List each line of the data that holds the string "hidden", please.
[Start of Attachment]
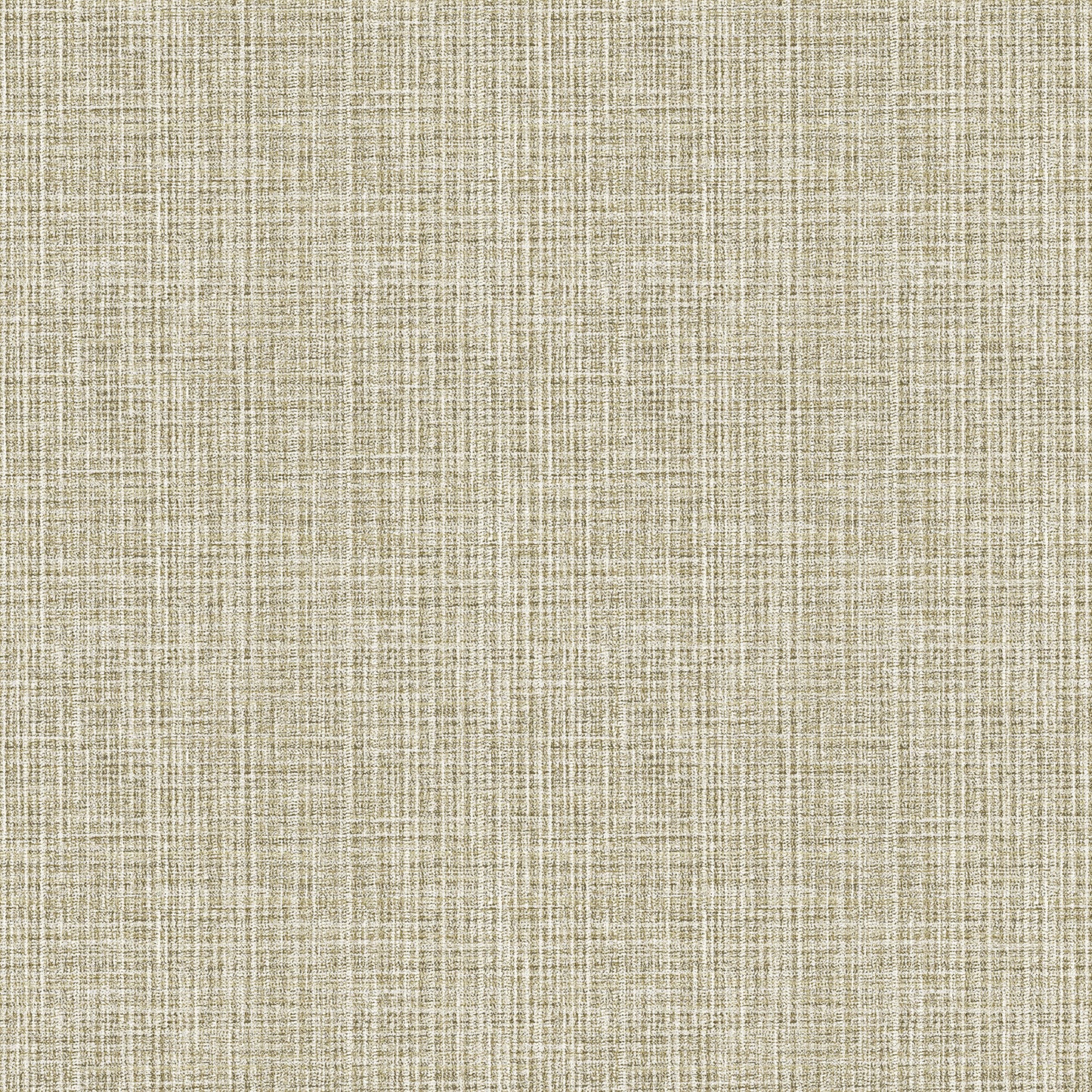 Kantera Fabric Texture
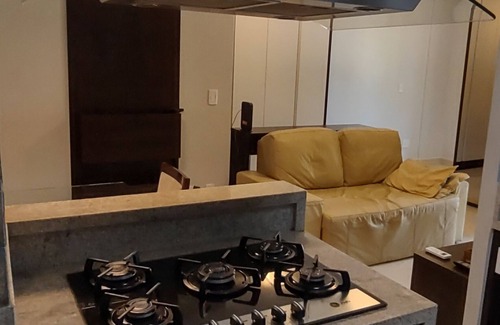 Smin Resort | The Sun Resort - Super 2 bedroom apartment - 1 en-suite and 1 reversible
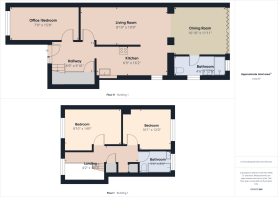 CAM04968G0-PR0047-BUILD01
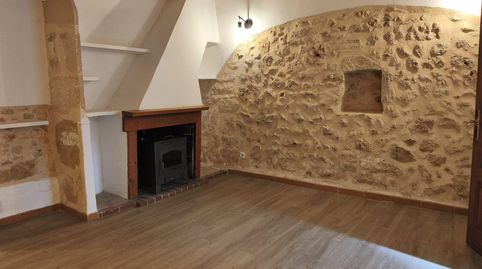 Foto 3 de Casa o chalet de alquiler en Costitx, Illes Balears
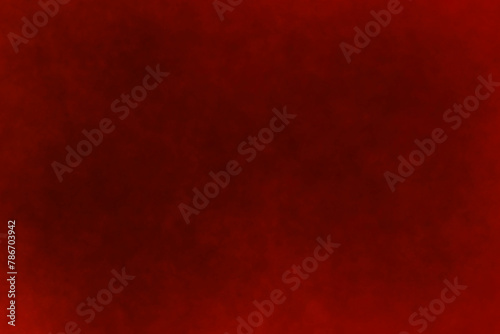 Red Background  Abstract Paper Red Color Texture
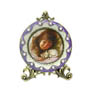 Size:146*106*20mm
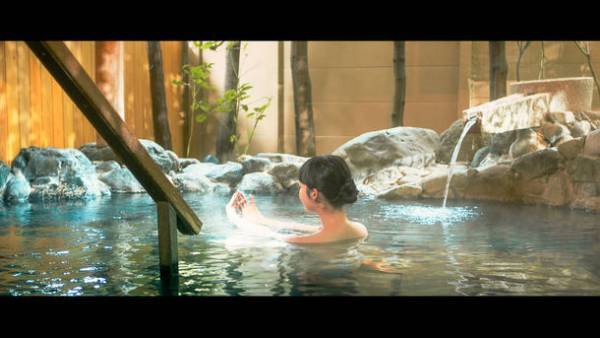 山梨県身延町が“非接触型”観光プロモーションを始動　身延町観光情報サイト＆PR動画「みのラブ」を2月公開！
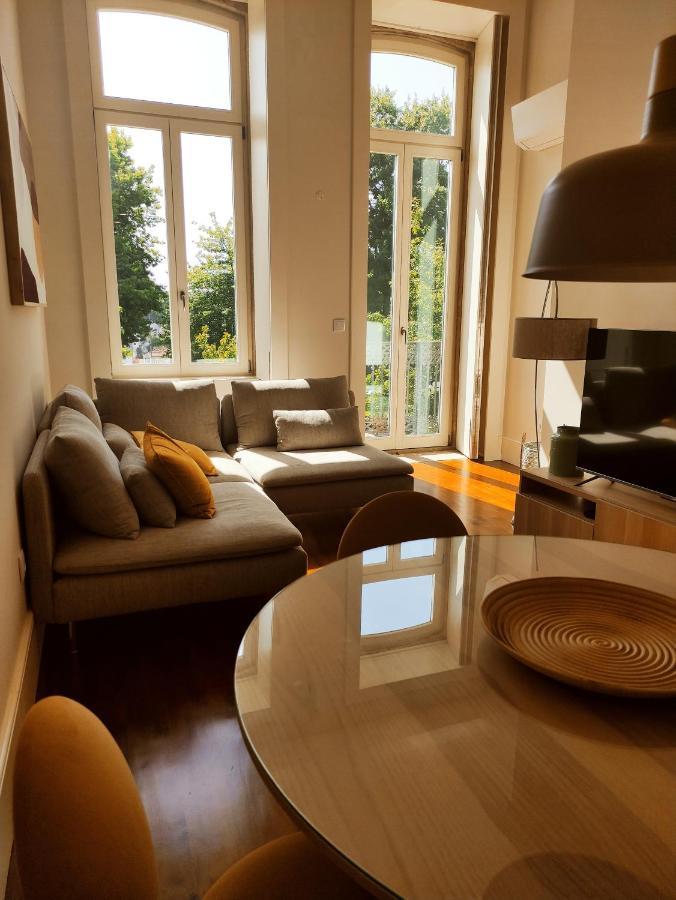 Apartament Retreat Pool&garden
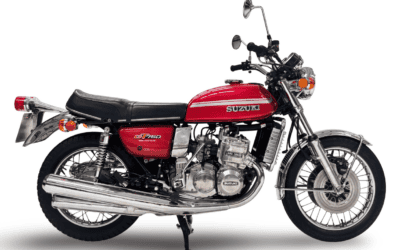Entries Now Invited – Bonhams Autumn Stafford Sale | 10–11 October 2026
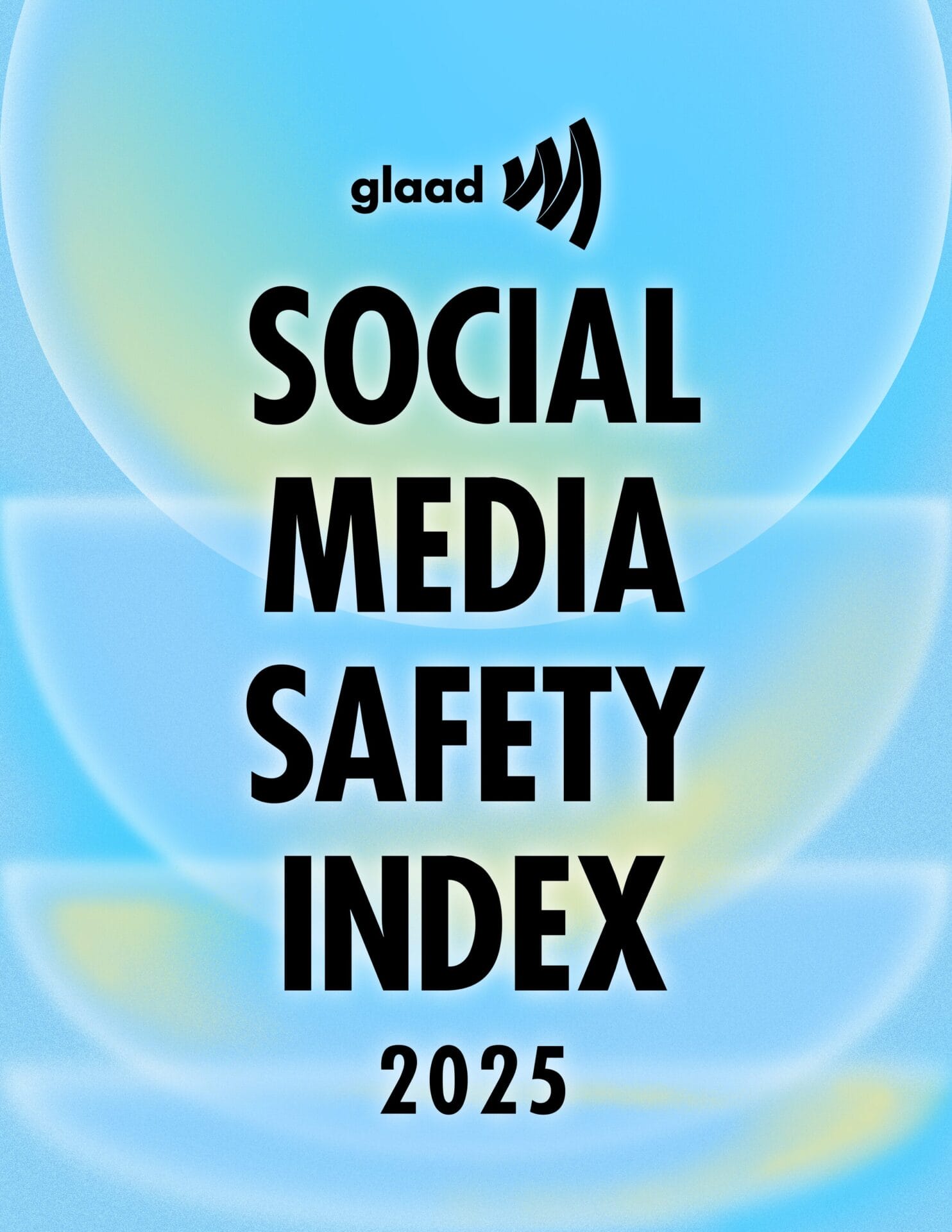 The Future of Platform Accountability - visual representation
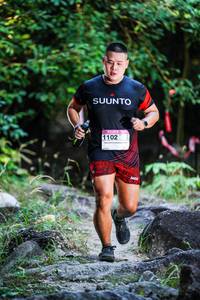 BIB: 
                            <button type="button" onclick="openModal(19456720)" class="btn btn-primary btn-sm float-right btn-popup" data-toggle="modal" data-target=".modal-high-quality">
                        <i class="fas fa-shopping-cart"></i> Add to Cart
                    </button>
                                            <button type="button" onclick="isThisMe(19456720, true)" class="btn btn-success btn-sm float-right btn-popup btn-isme hidden" data-toggle="tooltip" data-placement="bottom" title="นี่คือรูปของคุณใช่ไหม คลิกที่นี่เพื่อเอาเข้าอัลบั้ม">
                        <i class="fas fa-plus"></i> Add to album
                    </button>
                    <button type="button" onclick="isThisMe(19456720, false)" class="btn btn-warning btn-sm float-right btn-popup btn-isnotme hidden">
                        <i class="fas fa-ban"></i> Remove from album
                    </button>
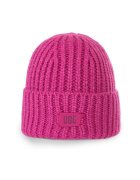 UGG Accesorii textile Chunky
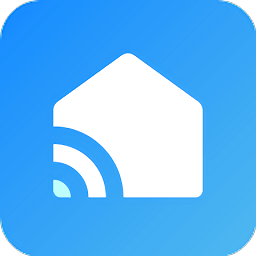 集智社区app v5.6.0安卓版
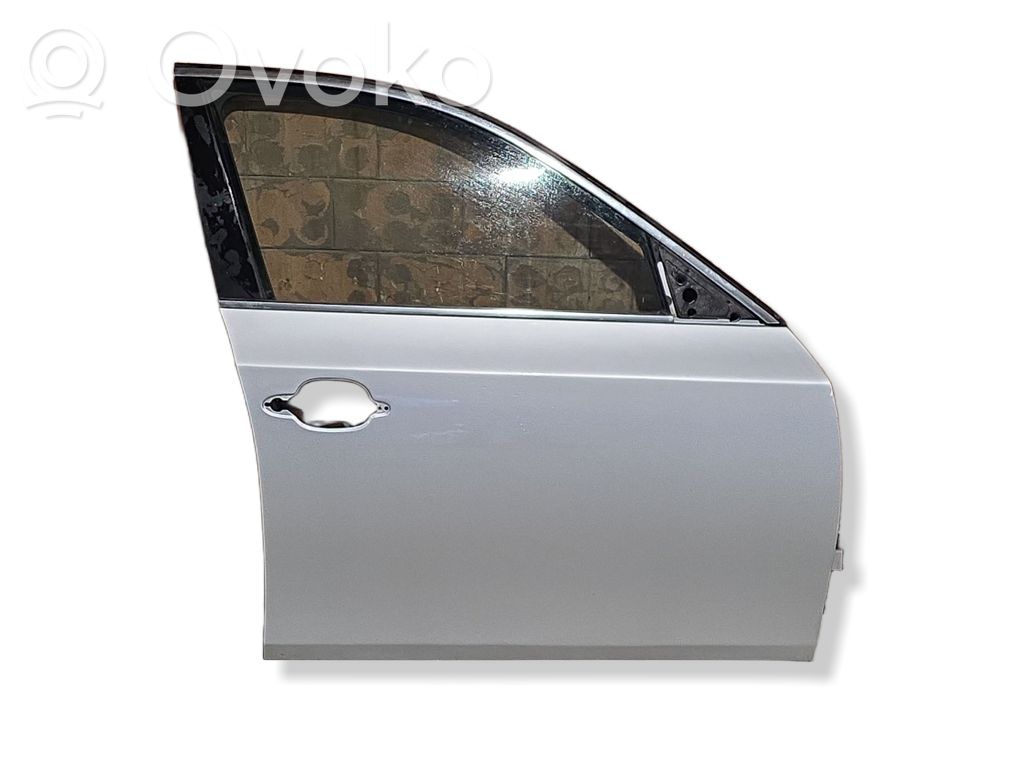 BMW 5 E60 E61 Durvis 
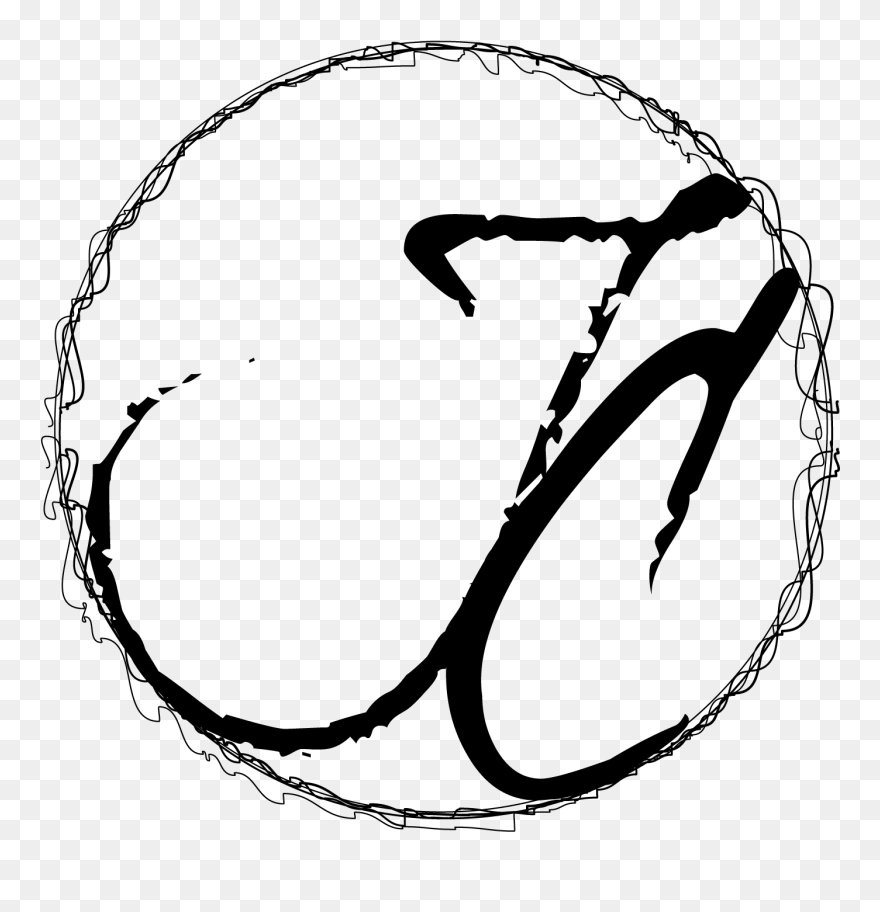 Resurrection Of Jesus Easter Egg Empty Tomb - He Lives Clip Art - Png Download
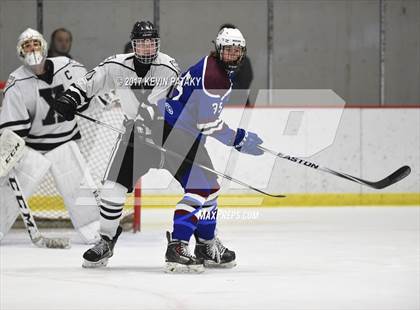 Thumbnail 3 in SGWL [Suffield/Granby/Windsor Locks] @ Xavier photogallery.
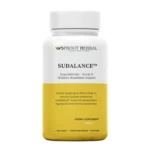 Sudalance Herbal Tablet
[End of Attachment]
- **Answer space**
                                            <button type="button" onclick="isThisMe(19456720, true)" class="btn btn-success btn-sm float-right btn-popup btn-isme hidden" data-toggle="tooltip" data-placement="bottom" title="นี่คือรูปของคุณใช่ไหม คลิกที่นี่เพื่อเอาเข้าอัลบั้ม">
                    <button type="button" onclick="isThisMe(19456720, false)" class="btn btn-warning btn-sm float-right btn-popup btn-isnotme hidden">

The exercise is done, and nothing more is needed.